#7 - dados em risco

Com aumento no uso da internet, crimes cibernéticos cresceram 50% no país, segundo a Anatel. Desafio é garantir segurança das informações pessoais na web

Em uma sexta-feira, a profissional de relações públicas Rubya Guntin, de 24 anos, recebeu uma notificação no Instagram. A conta de um bar que ela seguia havia lhe mandado uma mensagem dizendo que ela poderia participar de um sorteio, mas, para isso, eles precisavam de algumas informações. Rubya, querendo participar, aceitou passou nome completo, endereço de e-mail e número de telefone pelo chat da rede social.

No dia seguinte pela manhã, por volta das oito horas, ela recebeu várias ligações de um número desconhecido, mas não atendeu a nenhuma. Ela então recebeu novamente uma mensagem pelo Instagram, dessa vez pedindo que ela enviasse um código que chegaria por SMS, e ela atendeu ao pedido.

Nas horas seguintes, Rubya percebeu que seu aplicativo Whatsapp tinha parado de funcionar, e que as pessoas que ela conhecia tinham começado a receber mensagens de alguém se passando por ela e pedindo dinheiro. Ela havia caído num golpe: a conta do bar era falsa, e os golpistas tinham usado os dados que ela passou para roubarem a sua conta de Whatsapp.

Com a pandemia e as consequentes medidas de distanciamento social, o uso das redes sociais aumentou entre os brasileiros. Segundo dados da Agência Nacional de Telecomunicações (Anatel), o aumento foi de 40% a 50%, só em 2020. Uma consequência desse aumento foi o crescimento de crimes cibernéticos — também conhecidos como cibercrimes —, como apontam dados da Comissão Executiva de Prevenção a Fraudes da Federação dos Bancos.

Os dados revelam que, durante a quarentena, as instituições financeiras registraram um aumento de 80% nas tentativas de ataques de phishing, como é conhecido o tipo de fraude na qual Rubya caiu. Nesse cibercrime, os golpistas tentam enganar o usuário se passando por algum indivíduo ou organização de confiança — o que por vezes é chamado de engenharia social —, convencendo a vítima a passar seus dados sem questionamento. O nome da prática vem da palavra em inglês fishing, que significa “pescando” ou “pescaria”, uma analogia à maneira como os golpistas conseguem “pescar” as vítimas com uma “isca” bem colocada.

Muitas vezes, essas “iscas” acabam sendo suficientes para convencer uma pessoa a passar os seus dados.
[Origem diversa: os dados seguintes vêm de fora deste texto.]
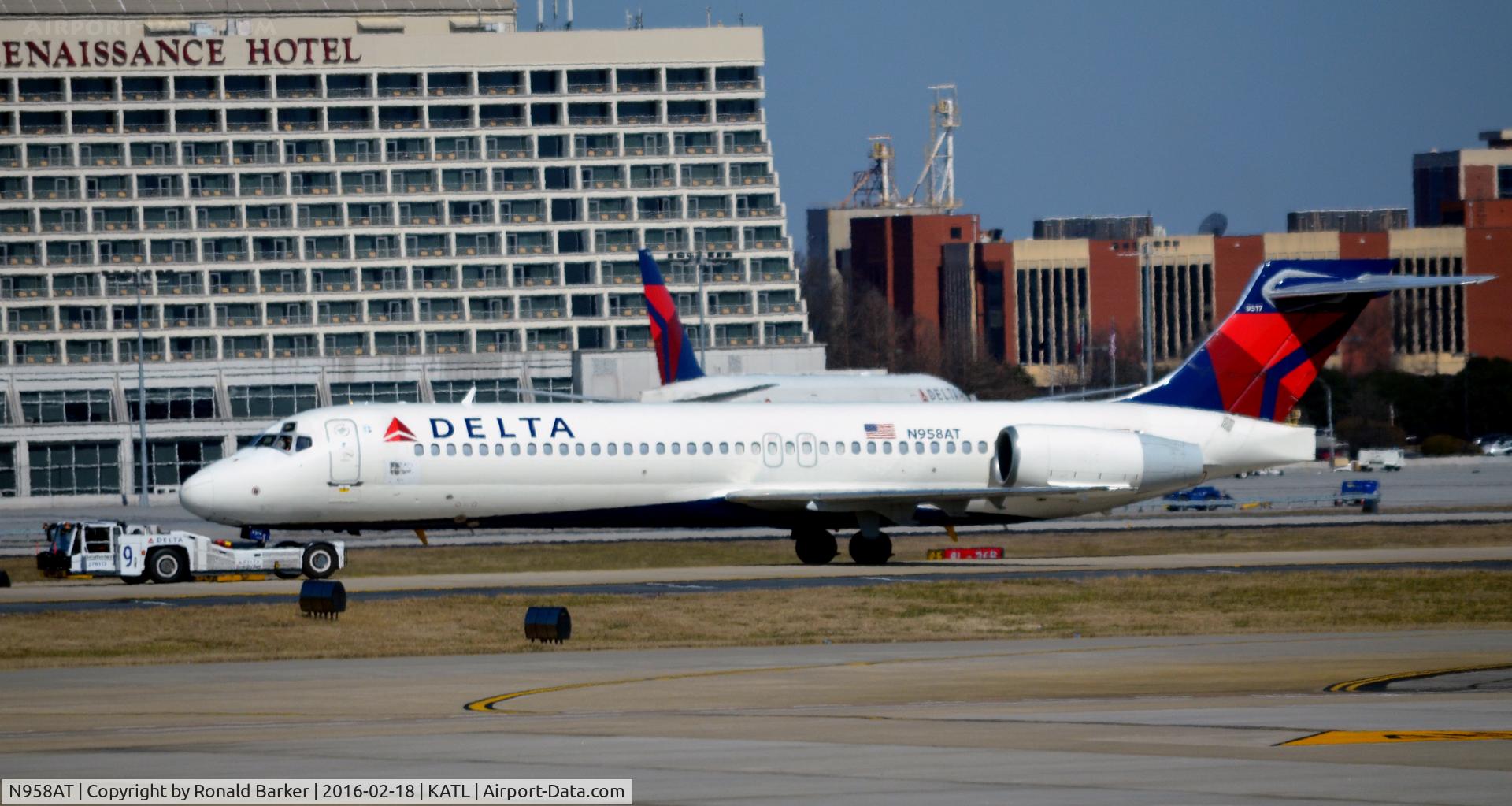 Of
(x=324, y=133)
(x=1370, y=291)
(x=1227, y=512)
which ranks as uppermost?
(x=324, y=133)

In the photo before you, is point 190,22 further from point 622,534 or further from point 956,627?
point 956,627

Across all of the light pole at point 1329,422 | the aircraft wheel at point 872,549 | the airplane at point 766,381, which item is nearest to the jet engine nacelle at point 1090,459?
the aircraft wheel at point 872,549

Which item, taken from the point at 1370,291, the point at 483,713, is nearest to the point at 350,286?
the point at 1370,291

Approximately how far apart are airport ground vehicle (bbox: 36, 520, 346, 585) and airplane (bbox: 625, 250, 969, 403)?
2789 cm

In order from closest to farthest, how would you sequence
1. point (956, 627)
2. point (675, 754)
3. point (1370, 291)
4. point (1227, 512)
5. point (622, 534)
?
point (675, 754)
point (956, 627)
point (1370, 291)
point (622, 534)
point (1227, 512)

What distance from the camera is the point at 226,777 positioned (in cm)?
1591

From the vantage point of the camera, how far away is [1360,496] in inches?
3063

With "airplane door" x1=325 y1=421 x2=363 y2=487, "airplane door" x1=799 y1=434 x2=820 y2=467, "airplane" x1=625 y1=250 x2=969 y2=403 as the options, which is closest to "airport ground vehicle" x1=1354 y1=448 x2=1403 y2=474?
"airplane" x1=625 y1=250 x2=969 y2=403

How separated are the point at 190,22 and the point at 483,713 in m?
127

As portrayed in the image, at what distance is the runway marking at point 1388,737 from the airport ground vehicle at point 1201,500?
53445 millimetres

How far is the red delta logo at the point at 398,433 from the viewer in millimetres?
44344

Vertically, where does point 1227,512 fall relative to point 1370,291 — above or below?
below

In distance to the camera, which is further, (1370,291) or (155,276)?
(155,276)

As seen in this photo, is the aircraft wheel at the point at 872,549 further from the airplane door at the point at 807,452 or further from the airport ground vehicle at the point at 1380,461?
the airport ground vehicle at the point at 1380,461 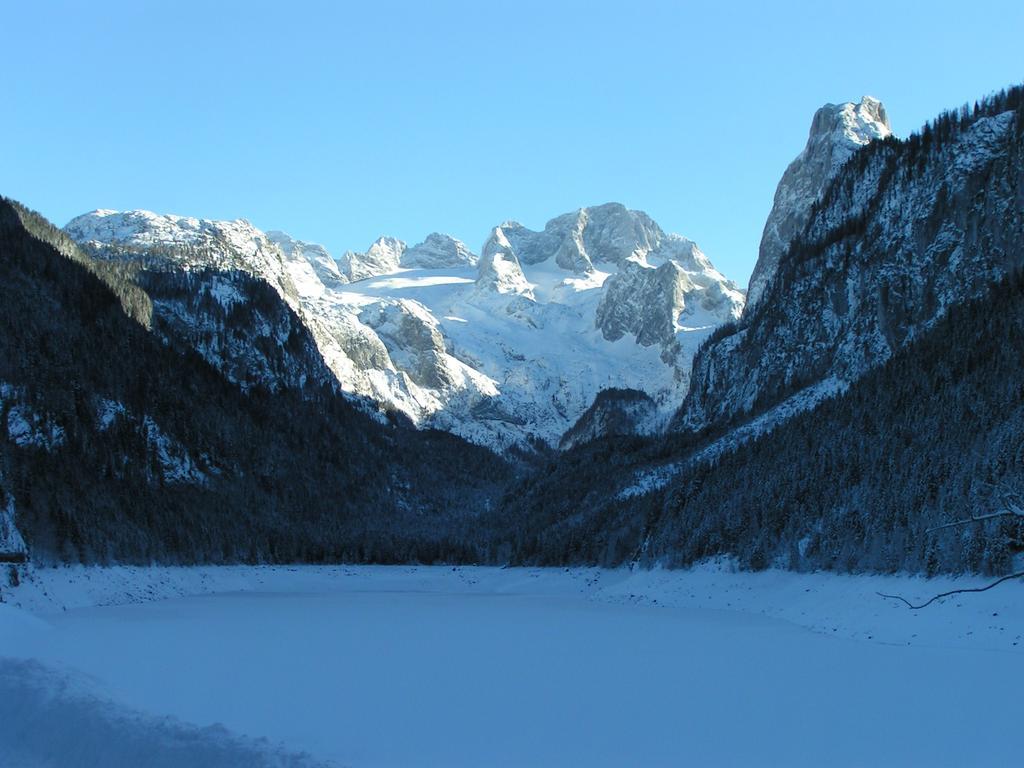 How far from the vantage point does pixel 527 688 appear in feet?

Um levantamento feito pela empresa de segurança digital Kaspersky apontou que mais da metade (65%) dos brasileiros aceitariam compartilhar seus dados de redes sociais se isso resultasse em “experiências exclusivas”, e 70% para terem descontos em compras online.

O phishing pode ser realizado por meio das redes sociais, SMS, e-mail ou telefone. Também pode envolver estratégias simples, como uma troca de mensagens —  no caso relatado —, ou mais elaboradas, como a criação de sites “clones”, aqueles que se passam por oficiais. Porém, esse não é nem o único tipo de golpe realizado pela internet, nem a única maneira pela qual pessoas mal intencionadas podem ter acesso a dados pessoais.

phishinG

Fraude que usa sites com aparência confiável para reunir dados e informações pessoais do usuário com objetivo de obter vantagens financeiras

Tipos de crime na internet

Outra forma que os dados de usuários da rede podem ser expostos é por meio de vazamentos. Um caso marcante aconteceu em dezembro de 2020, quando dados do sistema do Ministério da Saúde foram vazados, expondo informações de 243 milhões de brasileiros, incluindo pessoas já falecidas. Entre as informações vazadas, estavam CPFs, endereços e telefones de brasileiros cadastrados no Sistema Único de Saúde (SUS).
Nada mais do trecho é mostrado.